Berechnungen für den Großraum Hamburg zeigen aber, dass sich neue Wohngebiete in den meisten Fällen für die kreisangehörigen Gemeinden bestenfalls als fiskalisch neutral erweisen. Zusätzliche Einnahmen und Ausgaben aufgrund eines Neubaugebietes halten sich in etwa die Waage, wobei in den ersten Jahren die zusätzlichen Ausgaben deutlich überwiegen. Neue Wohngebiete sind somit als Mittel der Haushaltssanierung in den meisten Fällen nicht geeignet. Der interkommunale Wettbewerb um Einwohner und Arbeitsplätze verliert damit eine seiner wichtigsten Begründungen. Eine kosteneffiziente Siedlungsentwicklung muss im gemeinsamen Interesse aller Beteiligten liegen, weil die ungebrochene Zunahme des Infrastrukturaufwandes pro Kopf erhebliche Finanzierungsrisiken birgt.

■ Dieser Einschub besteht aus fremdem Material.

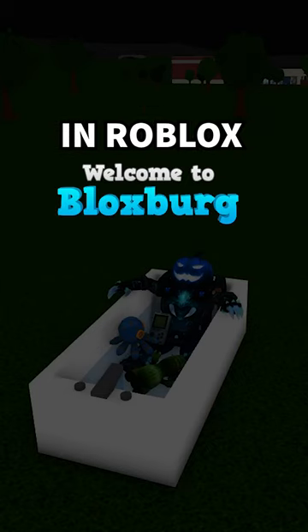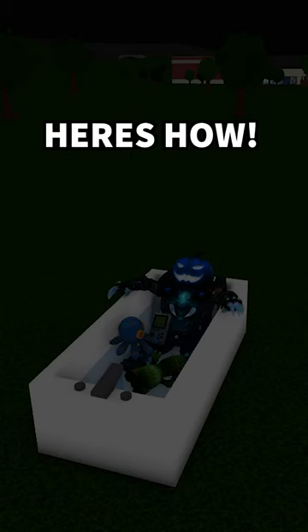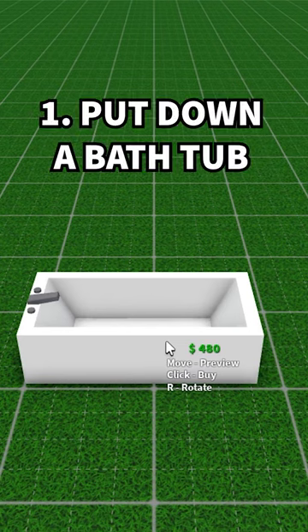Have you ever wanted to put toys in your bathtub in Roblox Bloxburg? Here's how! The first step is to put down a bathtub, obviously.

Die wesentlichen Handlungsfelder zur Reduktion des Kosten- und Flächennutzungsanstiegs sind die verstärkte, interkommunal abgestimmte Nutzung der in vielen Städten und Gemeinden vorhandenen erheblichen Innenentwicklungspotenziale, die Realisierung Flächen sparender Bauweisen und die Konzentration der Siedlungstätigkeit auf Gemeinden und Ortsteile mit bereits ausgebauter sozialer Infrastruktur. Eine weniger disperse Siedlungsentwicklung kann zudem einen wichtigen Beitrag zur Verminderung der Verkehrszunahme in den Stadtregionen bewirken.
Mehr Kostentransparenz ist notwendig
Die durch die Zersiedlung entstehenden Zusatzkosten sind oft nicht leicht erkennbar.

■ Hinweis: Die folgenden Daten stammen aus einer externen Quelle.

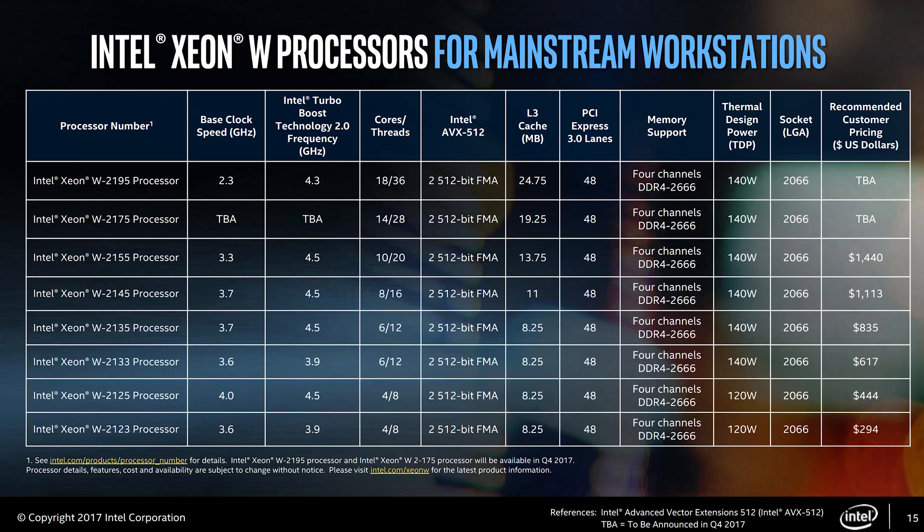The lineup entry price starts at $294, and that's for a 4 core 8 thread, and that will still allow you to get all the PCIe lanes — and for $294, that's really not that bad. So finally, a budget option for some of you guys running X299. On the enthusiast platform you do have a quad core 8 thread in the 7740X realm, and it runs around $350.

Die durch die Zersiedlung entstehenden Zusatzkosten sind durch die vielen beteiligten Kostenträger und gegenseitige Abhängigkeiten von Zahlungsströmen oft nicht leicht erkennbar. Notwendig ist eine bessere Transparenz über Höhe und Verursacher der Kosten. Die spezifischen Kosten pro Einwohner (oder pro Quadratmeter Geschossfläche) differieren in neu gebauten Wohngebiet erheblich. Wie Abbildung 1A bis 1C zeigen, bildet die realisierte Nutzungsdichte - hier dargestellt als realisierte Geschossflächenzahl (GFZ) - den entscheidenden Einflussfaktor für die spezifischen Kosten. So nimmt der Aufwand an technischer Infrastruktur (laufender Meter Straße, Wasser- bzw. Abwasserleitung) insbesondere im Dichtebereich von Gebieten mit freistehenden Einfamilienhäusern (realisierte Geschossflächenzahl (GFZ) etwa 0,1 bis 0,3) sprunghaft zu.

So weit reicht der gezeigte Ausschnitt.